Here are some tips that have helped me make the most of my sick time:

  • Get (or preferably make someone else get) the remedies of your choice: for a cold, either active or imminent, I prefer the aforementioned Zicam and vitamin C. I used to be obsessed with Airborne too, but due to my cold-prevention obsession, I got burned out on all the flavors and eventually found drinking the weird effervescent fruity liquid a bit gag-inducing. If it works for you, though, use it.
  • Since you’re at home, though, you don’t have to take all the stuff that makes you stop sneezing and coughing, unless it’s really annoying you. Otherwise, just arm yourself with Kleenex (I recommend the kind with lotion to save your poor little nose) and let that grossness work its way out of your body. Get/request some good magazines while you’re stocking up on your remedies, too. You’ll want those later.

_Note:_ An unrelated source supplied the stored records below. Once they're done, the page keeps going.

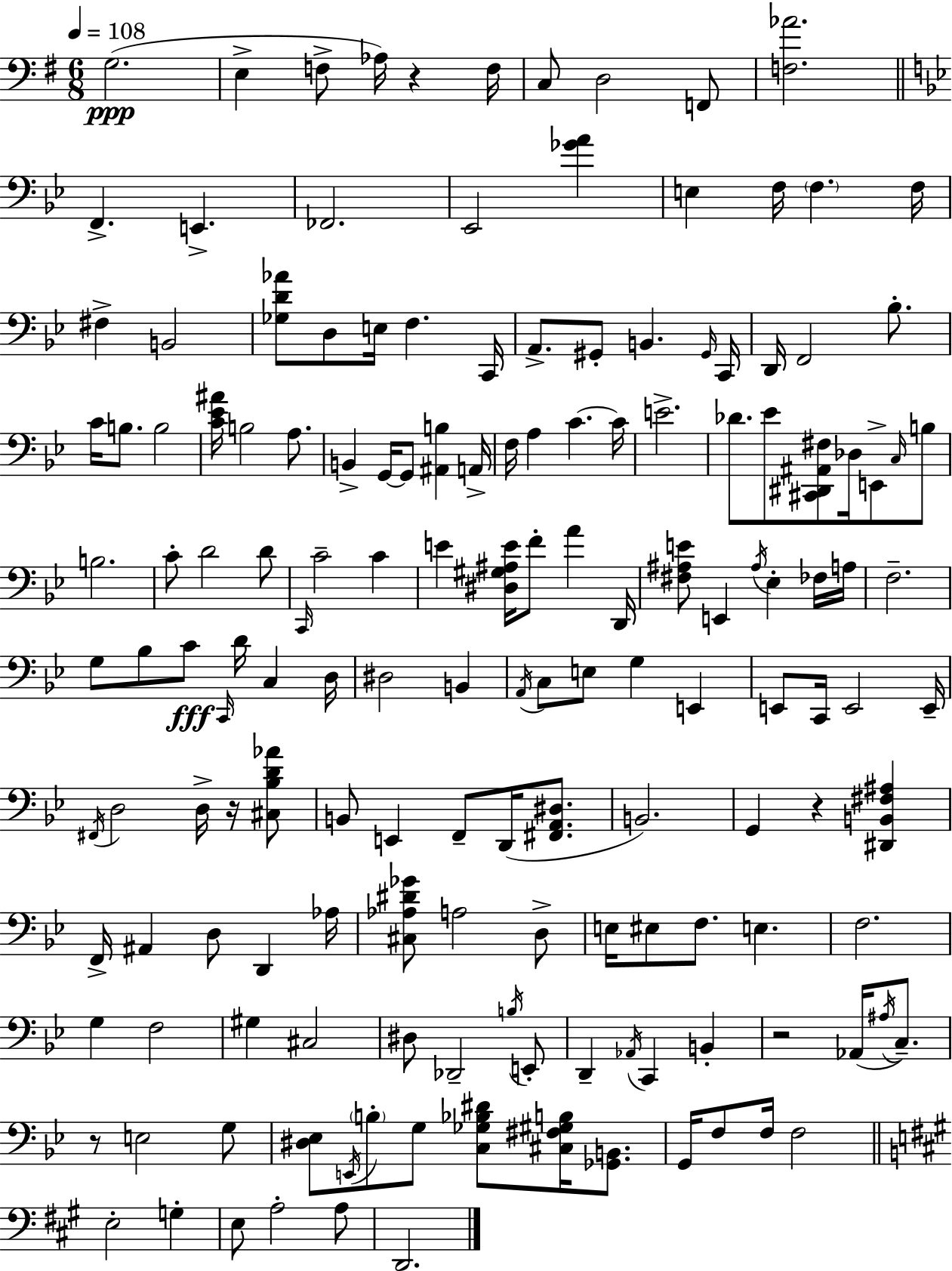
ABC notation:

X:1
T:Untitled
M:6/8
L:1/4
K:Em
G,2 E, F,/2 _A,/4 z F,/4 C,/2 D,2 F,,/2 [F,_A]2 F,, E,, _F,,2 _E,,2 [_GA] E, F,/4 F, F,/4 ^F, B,,2 [_G,D_A]/2 D,/2 E,/4 F, C,,/4 A,,/2 ^G,,/2 B,, ^G,,/4 C,,/4 D,,/4 F,,2 _B,/2 C/4 B,/2 B,2 [C_E^A]/4 B,2 A,/2 B,, G,,/4 G,,/2 [^A,,B,] A,,/4 F,/4 A, C C/4 E2 _D/2 _E/2 [^C,,^D,,^A,,^F,]/2 _D,/4 E,,/2 C,/4 B,/2 B,2 C/2 D2 D/2 C,,/4 C2 C E [^D,^G,^A,E]/4 F/2 A D,,/4 [^F,^A,E]/2 E,, ^A,/4 _E, _F,/4 A,/4 F,2 G,/2 _B,/2 C/2 C,,/4 D/4 C, D,/4 ^D,2 B,, A,,/4 C,/2 E,/2 G, E,, E,,/2 C,,/4 E,,2 E,,/4 ^F,,/4 D,2 D,/4 z/4 [^C,_B,D_A]/2 B,,/2 E,, F,,/2 D,,/4 [^F,,A,,^D,]/2 B,,2 G,, z [^D,,B,,^F,^A,] F,,/4 ^A,, D,/2 D,, _A,/4 [^C,_A,^D_G]/2 A,2 D,/2 E,/4 ^E,/2 F,/2 E, F,2 G, F,2 ^G, ^C,2 ^D,/2 _D,,2 B,/4 E,,/2 D,, _A,,/4 C,, B,, z2 _A,,/4 ^A,/4 C,/2 z/2 E,2 G,/2 [^D,_E,]/2 E,,/4 B,/2 G,/2 [C,_G,_B,^D]/2 [^C,^F,^G,B,]/4 [_G,,B,,]/2 G,,/4 F,/2 F,/4 F,2 E,2 G, E,/2 A,2 A,/2 D,,2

  • Once you’re fully stocked and medicated, SLEEP. Whether you are sick or trying to prevent an illness, sleep is the best medicine, and if you are constantly going-going-going, chances are you don’t get enough of it. Spend as much time as you possibly can during your sick day(s) asleep. You may have some crazy fever dreams, but just roll with them.

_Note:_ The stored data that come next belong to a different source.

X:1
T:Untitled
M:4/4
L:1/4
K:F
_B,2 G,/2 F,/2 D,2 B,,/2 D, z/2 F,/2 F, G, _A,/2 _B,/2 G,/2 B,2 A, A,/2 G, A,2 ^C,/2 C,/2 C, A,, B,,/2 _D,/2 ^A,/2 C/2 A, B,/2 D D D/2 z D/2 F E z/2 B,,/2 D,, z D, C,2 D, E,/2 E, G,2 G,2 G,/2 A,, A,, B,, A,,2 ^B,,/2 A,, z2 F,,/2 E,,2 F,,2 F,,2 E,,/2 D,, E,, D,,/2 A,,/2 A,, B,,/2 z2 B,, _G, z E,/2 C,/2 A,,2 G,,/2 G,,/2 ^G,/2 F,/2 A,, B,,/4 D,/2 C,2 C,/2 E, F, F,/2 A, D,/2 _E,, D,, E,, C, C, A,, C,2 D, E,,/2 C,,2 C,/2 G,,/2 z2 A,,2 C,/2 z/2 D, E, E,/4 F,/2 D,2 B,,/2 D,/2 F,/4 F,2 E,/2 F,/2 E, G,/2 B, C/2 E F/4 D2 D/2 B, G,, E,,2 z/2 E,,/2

  • I’m gonna sound like a mom here, but, as proven in my case, sometimes moms are right: drink a lot of water, tea, and other liquid substances. Staying hydrated is important no matter what, but especially when you have a fever, have diarrhea, or are vomiting—in all of those cases your body is relinquishing lots of fluids, which can muck up your bodily operating system (including the part that controls your temperature). In addition to plain old water, I recommend Traditional Medicinals tea. They have a seasonal sampler that includes remedies for all your symptoms (though their Gypsy Cold Care is a good catch-all). Add a lot of honey to make your throat feel better. Juice is fine, and I love those bottled fruit smoothies, but know that a lot of juices have more sugar than vitamins, so read the label carefully if you’re looking for something to get you healthy again and not just something to satisfy a craving (nothing wrong with that, either, though). If you want maximum healing, fresh-squeezed orange juice is a good bet; for zinc (which is also good for colds), eat some yogurt, cashews, and/or almonds. If you also want maximum efficiency, or your stomach is too upset to eat very much, take vitamin C and zinc supplements. Finally, Nurse Mom says hot liquids are best when you’re sick. “They open your sinuses, help the mucus drain, and soothe your membranes.” (That is an actual quote, hence words like membrane…)

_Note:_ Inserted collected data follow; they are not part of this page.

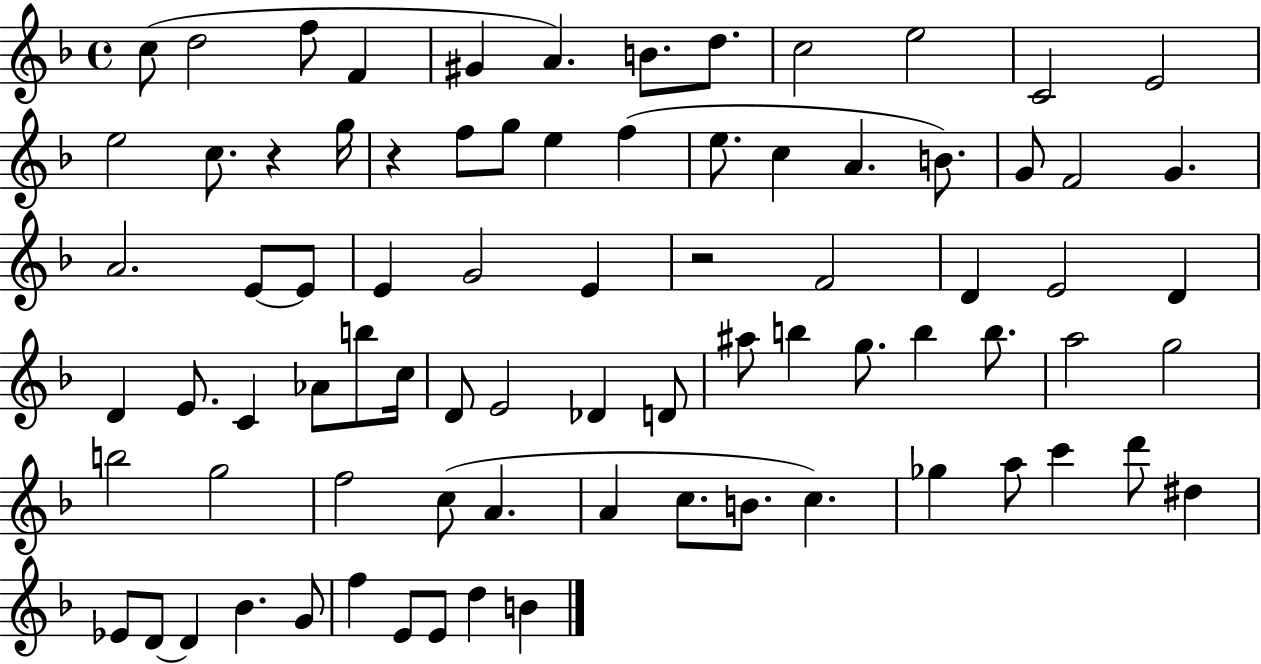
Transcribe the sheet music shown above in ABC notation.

X:1
T:Untitled
M:4/4
L:1/4
K:F
c/2 d2 f/2 F ^G A B/2 d/2 c2 e2 C2 E2 e2 c/2 z g/4 z f/2 g/2 e f e/2 c A B/2 G/2 F2 G A2 E/2 E/2 E G2 E z2 F2 D E2 D D E/2 C _A/2 b/2 c/4 D/2 E2 _D D/2 ^a/2 b g/2 b b/2 a2 g2 b2 g2 f2 c/2 A A c/2 B/2 c _g a/2 c' d'/2 ^d _E/2 D/2 D _B G/2 f E/2 E/2 d B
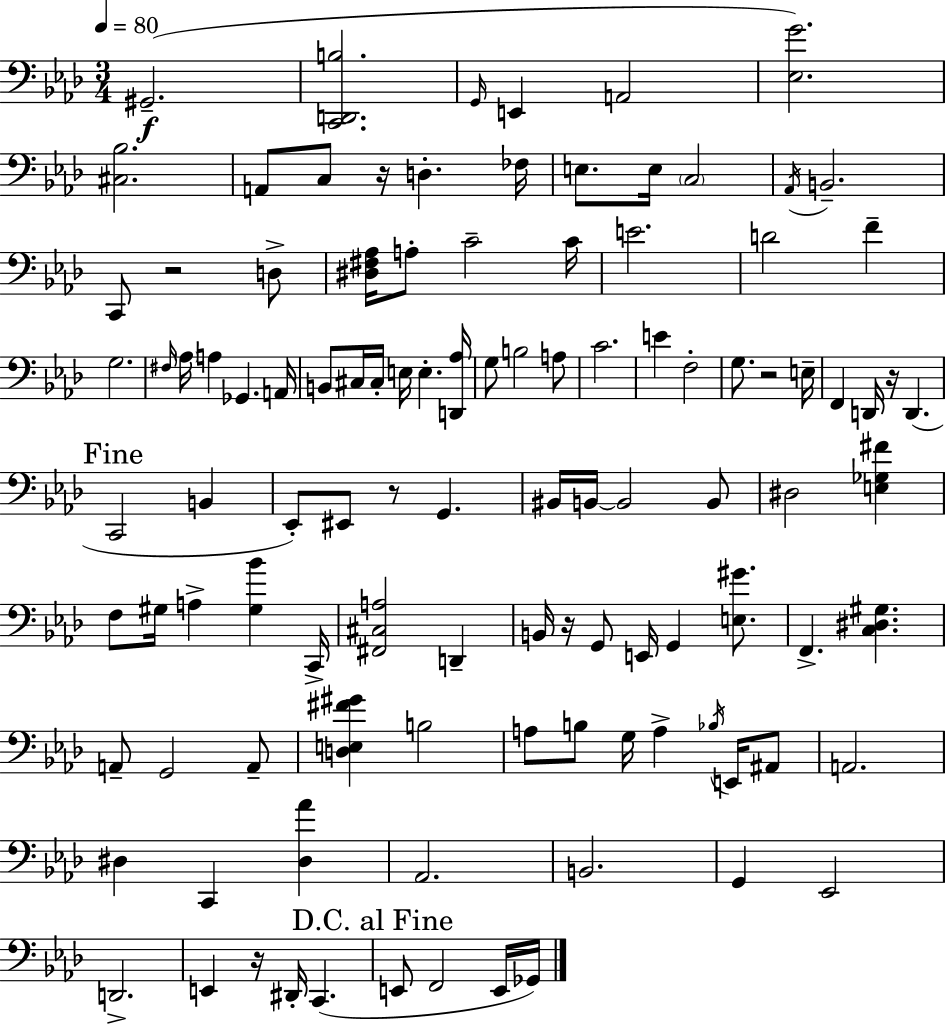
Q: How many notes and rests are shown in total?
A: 108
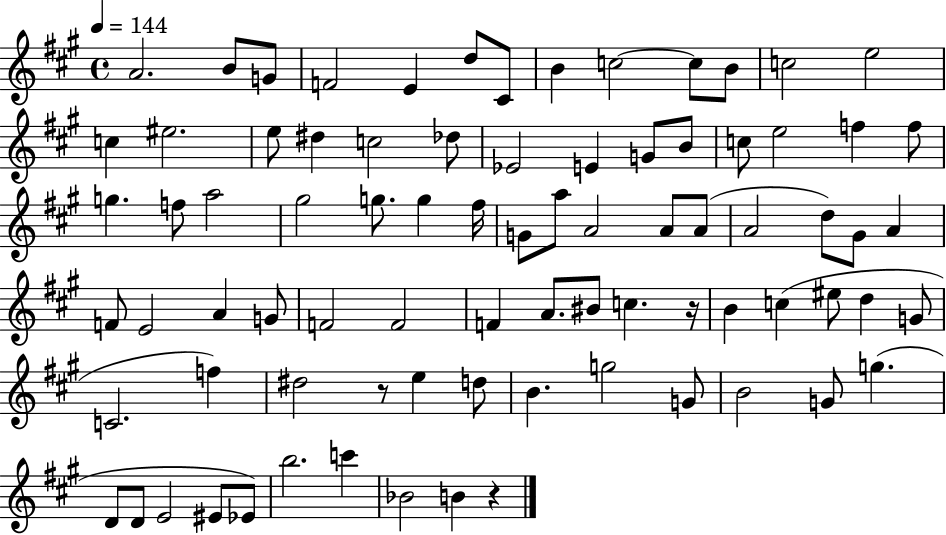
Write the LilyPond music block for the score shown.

{
  \clef treble
  \time 4/4
  \defaultTimeSignature
  \key a \major
  \tempo 4 = 144
  a'2. b'8 g'8 | f'2 e'4 d''8 cis'8 | b'4 c''2~~ c''8 b'8 | c''2 e''2 | \break c''4 eis''2. | e''8 dis''4 c''2 des''8 | ees'2 e'4 g'8 b'8 | c''8 e''2 f''4 f''8 | \break g''4. f''8 a''2 | gis''2 g''8. g''4 fis''16 | g'8 a''8 a'2 a'8 a'8( | a'2 d''8) gis'8 a'4 | \break f'8 e'2 a'4 g'8 | f'2 f'2 | f'4 a'8. bis'8 c''4. r16 | b'4 c''4( eis''8 d''4 g'8 | \break c'2. f''4) | dis''2 r8 e''4 d''8 | b'4. g''2 g'8 | b'2 g'8 g''4.( | \break d'8 d'8 e'2 eis'8 ees'8) | b''2. c'''4 | bes'2 b'4 r4 | \bar "|."
}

  • Eat what appeals to you. Feeling better is partially mental, so eat what you crave when you’re sick, especially if you’re nauseated and the list of things that won’t make you puke is short. Chicken soup is what everyone recommends, and it’s got that good hot-liquid thing going for it, but I never want chicken soup when I’m sick (or rather Amy’s No Chicken Noodle Soup, since I’m veg). Instead I always crave Vietnamese pho, or Thai tom yum or tom kha kai. These soups tend to be on the spicy side (awesome for sinus clearing) and contain garlic and ginger, which natural-health practitioners say are good for fighting colds. (This hasn’t been proven scientifically, but I’ll try anything if it won’t hurt me and I like how it tastes.) Dishes that have no purported healing properties whatsoever, but are your personal comfort foods, are also important during your convalescence. Mashed potatoes is my go-to comfort item; lots of my friends swear by cold pizza. Also: candy! Candy is medicine. (And if you have a stomach flu, my mom recommends ice chips and mint tea rather than water, because they tend to be easier to keep down. Also: dry toast, canned fruit.)